- [Action item] Word-for-word repetition of the records below is needed, but only from the line holding "Clémentine | Elegant" through the final line, with pictures excluded.
═══ Available records
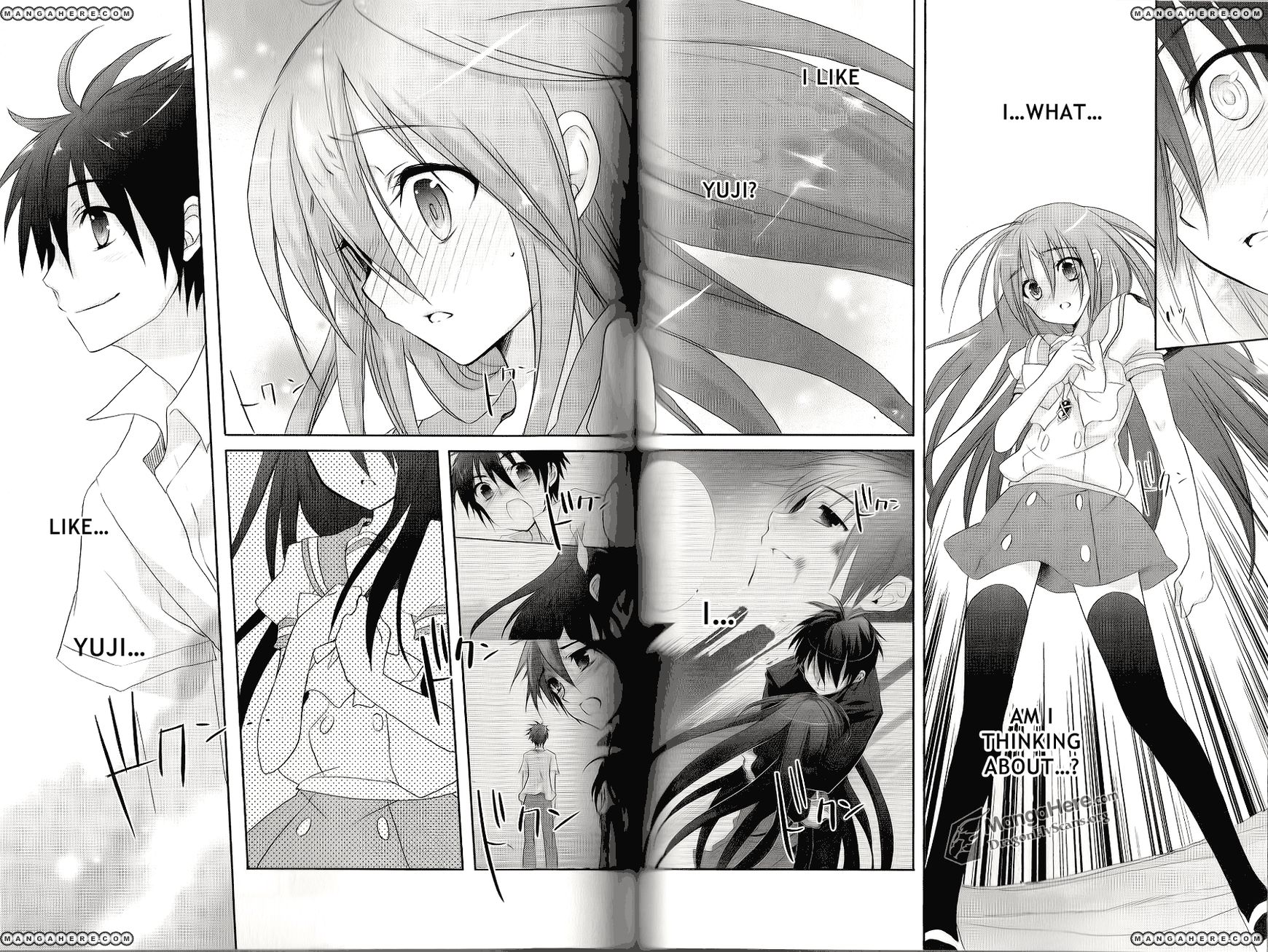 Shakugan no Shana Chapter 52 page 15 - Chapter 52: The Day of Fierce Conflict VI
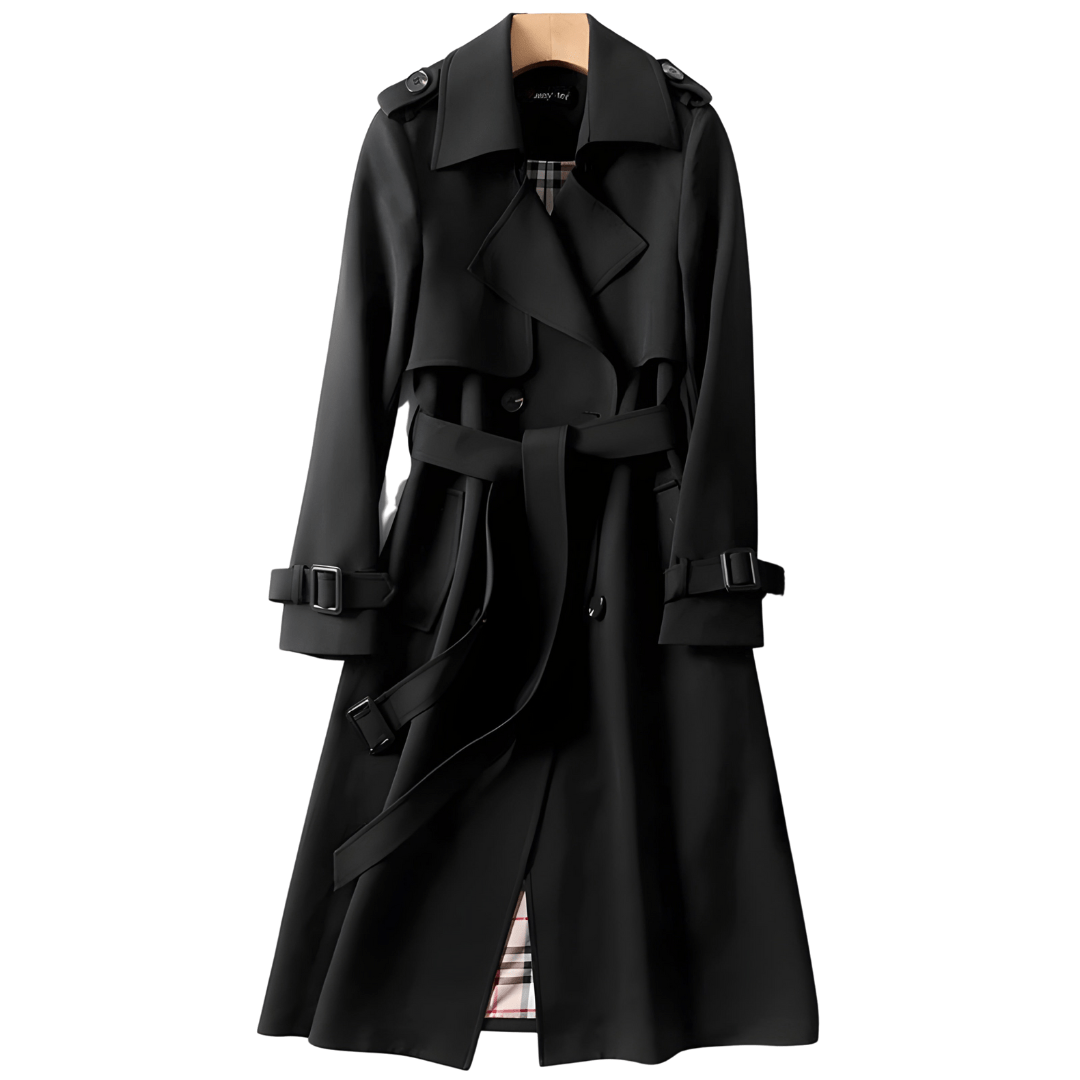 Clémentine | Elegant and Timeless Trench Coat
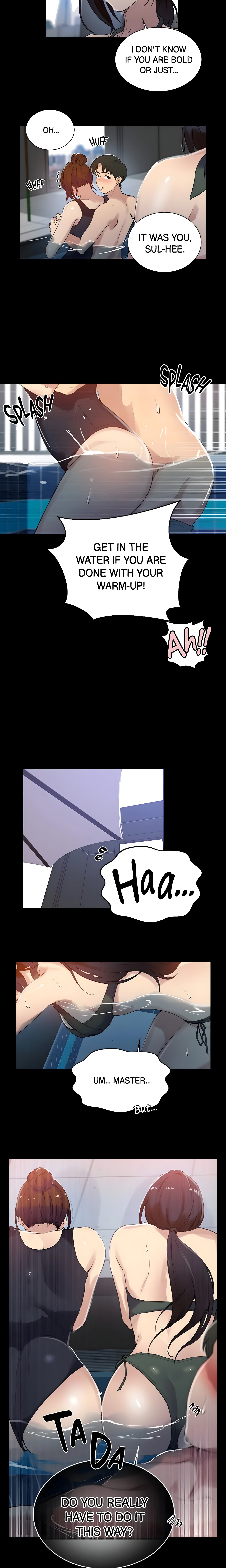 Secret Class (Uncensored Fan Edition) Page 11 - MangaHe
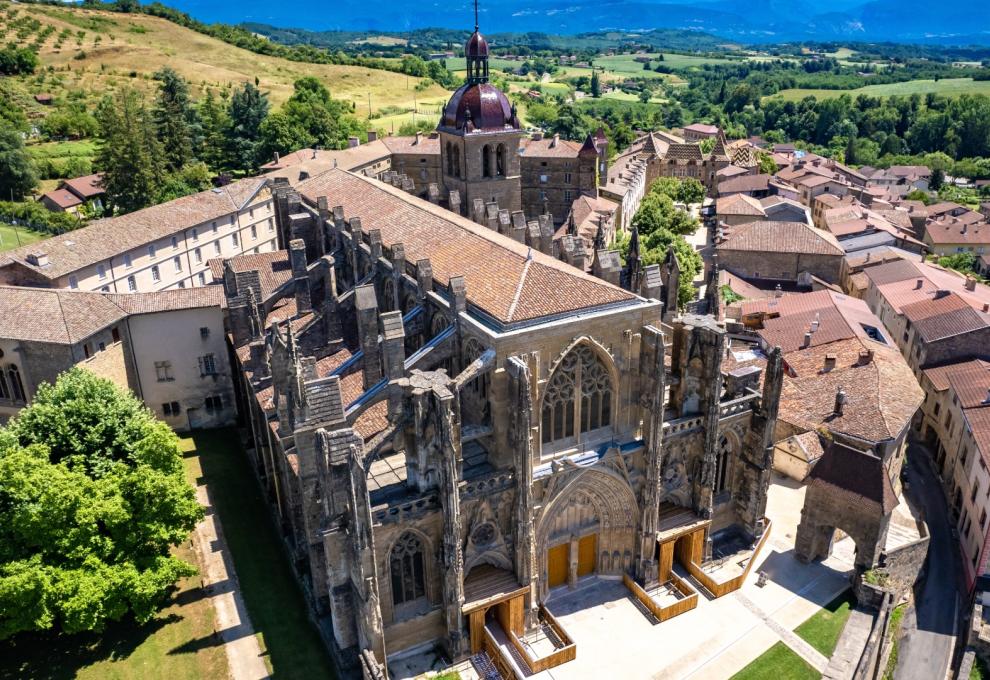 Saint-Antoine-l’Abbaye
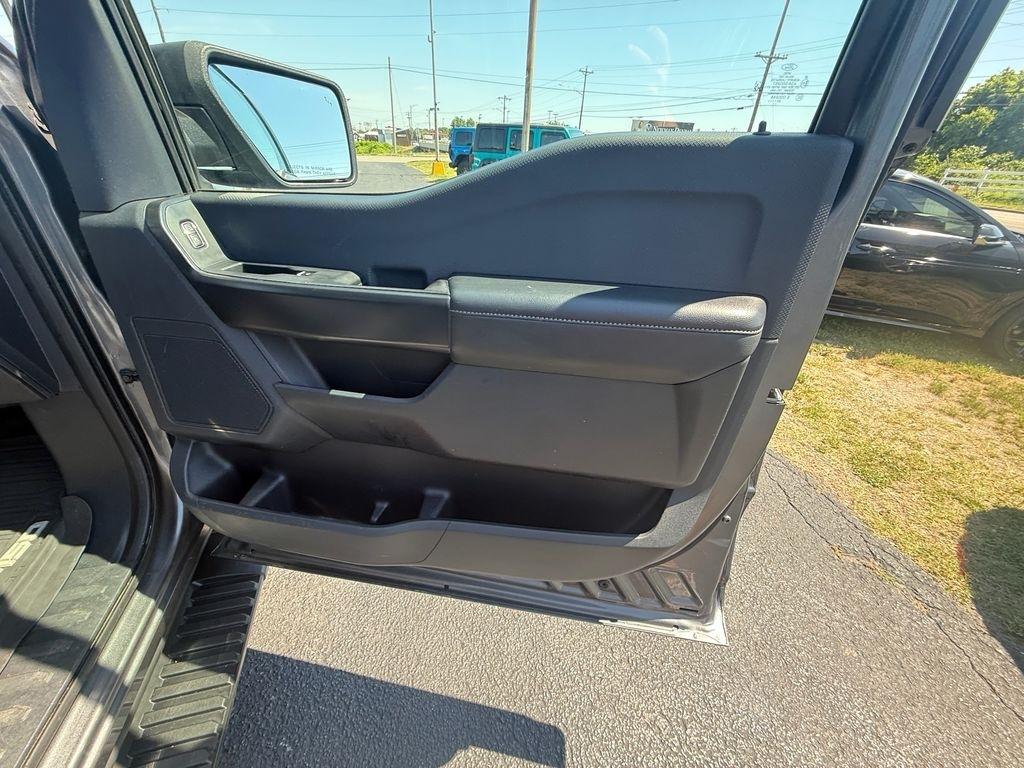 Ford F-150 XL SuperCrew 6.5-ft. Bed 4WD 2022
══════
- [Output below]
 Clémentine | Elegant and Timeless Trench Coat
 Secret Class (Uncensored Fan Edition) Page 11 - MangaHe
 Saint-Antoine-l’Abbaye
 Ford F-150 XL SuperCrew 6.5-ft. Bed 4WD 2022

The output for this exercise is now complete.